Kuzu v0.11.0 is here! We are excited to unveil this release, which is packed with a ton of new
features and improvements, including single-file databases instead of directories, improvements
to our vector and full-text search indices, and a new LLM
extension to directly call LLM and embedding
APIs using Cypher. Let’s dive into the details below.
Single-file databases
As of version 0.11.0, a Kuzu database is now just a file on disk instead of a directory.
This single-file design makes your Kuzu
databases much more portable and easier to share or archive.

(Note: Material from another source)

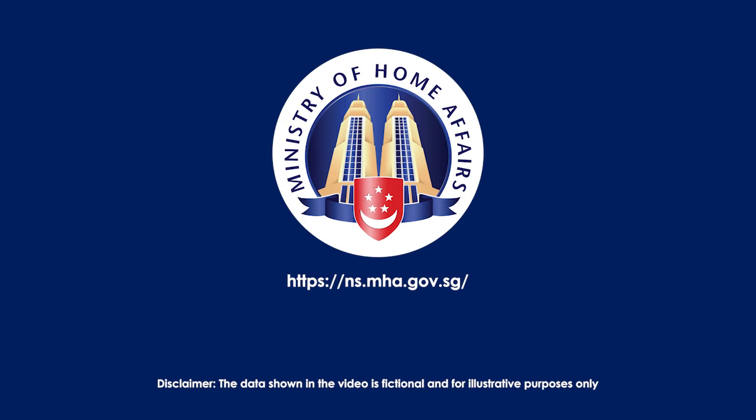Explore the MHA NS portal today and experience a more seamless, efficient, and convenient NS journey.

We recommend using the .kuzu
or .kz
extension to make these files easily identifiable,
but you can use any file extension of your choice (or no extension at all).

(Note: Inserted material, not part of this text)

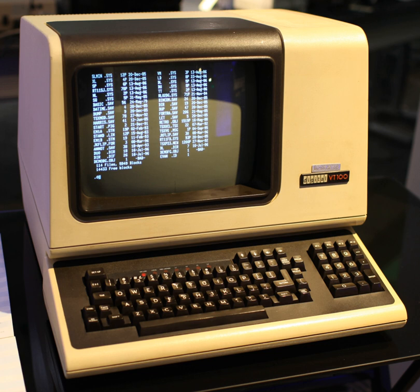Another approach involved the use of the storage tube, a specialized CRT developed by Tektronix that retained information written on it without the need to refresh.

Note that this change is not backward-compatible. Existing Kuzu database directories created with earlier versions must be migrated using the EXPORT/IMPORT commands. This will convert your existing Kuzu directory into the new single-file format used in v0.11.0. You can learn more about the different on-disk files created and managed by Kuzu here.
Vector index and FTS improvements
This release includes extensive improvements to both the vector and full-text search (FTS) indices. Below are the highlights.
Mutable indices
Vector and full-text search (FTS) indices in Kuzu are now mutable, meaning that the index is updated the moment new data is added to the graph. Once an index is created on a table, any further insertion and deletion operations in that table will automatically trigger an update in the associated index. Therefore, you no longer have to recreate your indices once your base tables are updated. Currently, the index is updated in a single thread. We will be optimizing this in our future releases.
Filtered vector search with arbitrary Cypher queries
Filtered vector search is the ability to search across a subset of the
vectors you have indexed. For example, suppose you have
Book
nodes that store as properties the vector embeddings of
the abstracts of these books and the year they were published.
A filtered vector search can find the nearest neighbours of a query vector
only across books that were published after 2020.
Or suppose that you have the relationship (:Book)-[:PublishedBy]->(:Publisher)
,
and you want to find the nearest neighbours across
books that have been PublishedBy
a particular publisher, e.g. Pearson
.
This feature, in combination with regular graph traversals, can be a very useful feature for context-engineering in your LLM-based applications
(see our recent blog post on this).
Our previous release (v0.10.0) supported only simple filters on the nodes that have the vectors. So you could do the first filtered search above, but not the second one. Starting with this release, you can now perform a filtered vector search on any subset of nodes in the graph that are identified by an arbitrary Cypher query.
Let’s consider a graph with (:Book)-[:PublishedBy]->(:Publisher)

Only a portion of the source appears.